Figure 6. Consequences of fiber mediated receptor masking for CRAD infection.

(A) Infectivity of receptor masked A549 cells by adenoviral vectors. A549 culture was first infected with Ad5-CRAD at a MOI 1.0. Six days later, cells were further infected with Ad5-PGK-GFP at a MOI of 10 and GFP expression was assessed 24 hr later. Data shown are the relative mean ± SD (n = 3) of the percentages of GFP⁺ cells in cultures infected by both Ad5-CRAD and Ad5-PGK-GFP compared to control cultures infected by Ad5-PGK-GFP only. (B) Adenovirus binding capacity to receptor masked cells. CAR intensity and ³⁵S-Ad5 binding capacity to cells of A549 culture at day 6 post Ad5-CRAD infection (MOI  = 1.0) relative to cells of non-infected control culture of three independent experiments are shown. (C) Supernatants from Ad5-CRAD infected A549 cells conferred tropism-specific low infectivity to fresh A549 cells. A549 cell cultures were first incubated with supernatants of Ad5-CRAD infected cultures as in Figure 3B. Following extensive washing, cells were further infected with Ad5-PGK-GFP or Ad5F35-PGK-GFP at a MOI of 10. GFP expression was measured 24 hr later. The mean ± SD (n = 3) of the percentages of GFP⁺ cells are shown. The percentages of GFP⁺ cells in cultures incubated with the indicated Ad5-CRAD infection supernatant alone were deducted from the values presented in the grey or black bars.

Figure 7. Extensive fiber production during CRAD treatment of xenograft tumors.

Following a single intratumoral injection of 1×10⁹ PFU CNHK500, A549 cell xenograft tumors were dissected at day 3, 7 and 10 post injection and consecutive sections were stained for fiber and hexon proteins.

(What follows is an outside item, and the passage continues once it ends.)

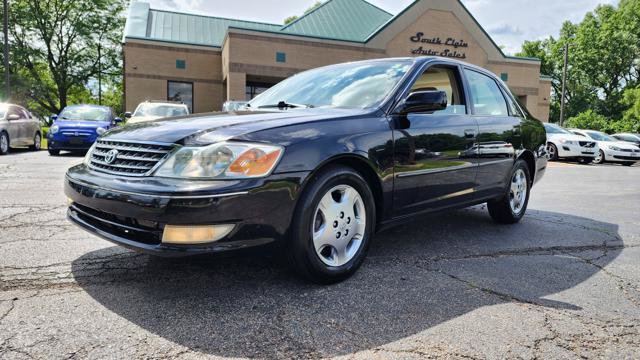 Used 2004 Toyota Avalon XLS FWD image 2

Representative staining of fiber and hexon proteins are shown (×200).

Figure 8. Effects of fiber overproduction and its resulting masking in CRAD cancer therapy and adenovirus propagation.

The initially infected cells secrete large amounts of fiber molecules prior to progeny virus release. Consequently, the receptors on bystander cells are masked by fiber molecules (red). Receptor masked cells cannot be efficiently infected by progeny viruses (blue) when these are released upon cell lysis. This mechanism inhibits CRAD cell killing effects, but promotes a prolonged adenovirus host co-existence.